▸ **WHAT THE TASK REQUIRES**
Range to reproduce from the entries below: the line with "査定依頼日：2025年11月3日 - 最高査定価格：175,000円", the line with "Norev 1:43 nissan", and every line in between. Give them exactly and give nothing else.

▸ **AVAILABLE RECORDS**
= Beginning of Section =

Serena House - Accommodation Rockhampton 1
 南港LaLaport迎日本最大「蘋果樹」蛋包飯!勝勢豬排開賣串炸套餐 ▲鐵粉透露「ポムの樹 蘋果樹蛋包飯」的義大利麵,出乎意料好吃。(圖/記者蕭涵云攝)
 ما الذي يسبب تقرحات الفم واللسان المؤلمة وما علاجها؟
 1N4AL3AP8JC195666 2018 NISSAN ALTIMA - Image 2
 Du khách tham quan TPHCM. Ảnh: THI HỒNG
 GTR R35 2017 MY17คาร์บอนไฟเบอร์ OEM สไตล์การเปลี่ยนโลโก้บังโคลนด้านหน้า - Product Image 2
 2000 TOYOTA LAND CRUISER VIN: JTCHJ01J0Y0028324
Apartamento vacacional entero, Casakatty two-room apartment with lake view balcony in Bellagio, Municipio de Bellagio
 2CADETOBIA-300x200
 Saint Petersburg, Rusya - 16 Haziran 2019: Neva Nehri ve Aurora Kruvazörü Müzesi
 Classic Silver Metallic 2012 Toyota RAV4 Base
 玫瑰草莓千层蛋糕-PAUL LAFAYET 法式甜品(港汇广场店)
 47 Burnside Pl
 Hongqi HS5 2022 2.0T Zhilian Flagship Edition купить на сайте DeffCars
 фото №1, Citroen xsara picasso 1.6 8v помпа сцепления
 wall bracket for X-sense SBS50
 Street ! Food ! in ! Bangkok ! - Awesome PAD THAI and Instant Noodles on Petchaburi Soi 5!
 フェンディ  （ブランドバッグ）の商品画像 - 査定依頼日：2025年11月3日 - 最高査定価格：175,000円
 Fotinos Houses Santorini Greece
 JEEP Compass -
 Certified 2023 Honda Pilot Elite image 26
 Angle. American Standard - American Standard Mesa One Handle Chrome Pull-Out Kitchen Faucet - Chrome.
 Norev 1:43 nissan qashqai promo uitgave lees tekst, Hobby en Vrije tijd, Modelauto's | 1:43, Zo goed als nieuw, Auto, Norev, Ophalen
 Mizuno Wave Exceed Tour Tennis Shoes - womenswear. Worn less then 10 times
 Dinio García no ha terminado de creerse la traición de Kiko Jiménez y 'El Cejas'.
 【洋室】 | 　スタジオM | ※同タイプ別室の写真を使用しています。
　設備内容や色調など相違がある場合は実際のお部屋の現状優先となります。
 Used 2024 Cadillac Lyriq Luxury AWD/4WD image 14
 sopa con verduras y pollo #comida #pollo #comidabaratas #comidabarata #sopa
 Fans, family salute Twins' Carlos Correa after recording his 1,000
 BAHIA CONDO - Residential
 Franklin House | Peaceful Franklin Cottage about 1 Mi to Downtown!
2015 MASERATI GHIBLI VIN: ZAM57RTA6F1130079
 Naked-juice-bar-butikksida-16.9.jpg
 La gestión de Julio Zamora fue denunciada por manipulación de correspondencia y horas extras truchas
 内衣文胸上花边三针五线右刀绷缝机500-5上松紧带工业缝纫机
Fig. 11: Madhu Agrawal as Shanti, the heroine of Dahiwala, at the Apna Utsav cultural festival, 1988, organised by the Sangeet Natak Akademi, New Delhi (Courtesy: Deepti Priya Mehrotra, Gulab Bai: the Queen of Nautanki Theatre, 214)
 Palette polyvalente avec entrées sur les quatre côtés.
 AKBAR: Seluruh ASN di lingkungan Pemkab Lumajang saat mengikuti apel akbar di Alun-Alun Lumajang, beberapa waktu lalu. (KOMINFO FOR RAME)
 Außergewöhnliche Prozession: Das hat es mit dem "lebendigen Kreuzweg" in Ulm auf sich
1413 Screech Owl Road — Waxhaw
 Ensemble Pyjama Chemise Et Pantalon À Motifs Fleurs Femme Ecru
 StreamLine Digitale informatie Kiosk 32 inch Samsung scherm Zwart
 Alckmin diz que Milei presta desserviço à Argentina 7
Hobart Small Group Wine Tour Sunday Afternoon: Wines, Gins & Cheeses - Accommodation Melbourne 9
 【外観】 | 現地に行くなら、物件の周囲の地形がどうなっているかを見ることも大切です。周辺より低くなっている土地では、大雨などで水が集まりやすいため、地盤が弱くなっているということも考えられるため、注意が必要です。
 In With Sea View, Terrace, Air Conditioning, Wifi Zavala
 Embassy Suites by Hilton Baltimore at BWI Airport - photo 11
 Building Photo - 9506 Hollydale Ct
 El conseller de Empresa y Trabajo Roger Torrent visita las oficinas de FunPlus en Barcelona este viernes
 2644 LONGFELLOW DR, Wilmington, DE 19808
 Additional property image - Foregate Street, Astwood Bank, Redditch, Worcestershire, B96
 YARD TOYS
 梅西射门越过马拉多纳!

= End of Section =

▸ **TASK RESPONSE**
 フェンディ  （ブランドバッグ）の商品画像 - 査定依頼日：2025年11月3日 - 最高査定価格：175,000円
 Fotinos Houses Santorini Greece
 JEEP Compass -
 Certified 2023 Honda Pilot Elite image 26
 Angle. American Standard - American Standard Mesa One Handle Chrome Pull-Out Kitchen Faucet - Chrome.
 Norev 1:43 nissan qashqai promo uitgave lees tekst, Hobby en Vrije tijd, Modelauto's | 1:43, Zo goed als nieuw, Auto, Norev, Ophalen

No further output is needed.